Some years ago I was sitting in a church and during the service a friend of mine, Adam, stood up to read a passage from the Gospel of Luke, in which John the Baptist begins his work preaching and baptizing in the Jordan Valley. There is a quote in the passage that goes like this:
Prepare the way for the Lord, make straight paths for him. Every valley shall be filled in, every mountain and hill made low. The crooked roads shall become straight, the rough ways smooth. And all people will see God’s salvation.
I had heard this passage many times, but not quite like I was hearing it now. And the reason was simple: Adam had once thrown a backpack on his shoulders and walked 2,175 miles from Georgia to Maine on the curviest, most up-and-down path you can take in the United States. That is, he had walked the Appalachian Trail (along with his wife).
The man speaking, then, was intimately familiar with a path that was anything but straight. The Appalachian Trail was not designed to be a direct walk between Georgia and Maine; it follows the ridgeline, and it takes you up and down just like a rollercoaster at Six Flags. Adam knew the weariness of crooked paths and up-and-down walking.

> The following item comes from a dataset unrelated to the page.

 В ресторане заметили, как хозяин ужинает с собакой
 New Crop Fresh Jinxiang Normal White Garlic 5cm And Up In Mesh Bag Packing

Adam’s journey had given him a certain kind of experience, which in turn gave new weight to certain things he might say. And this is one of the benefits of long-term travel: it can take us to places — geographical, social, emotional — so that when we return home we might carry back more than, say, a Bintang t-shirt or Eiffel Tower refrigerator magnet. We can also carry back something much more important: a life lived, and the subtle ways this gives weight to our words.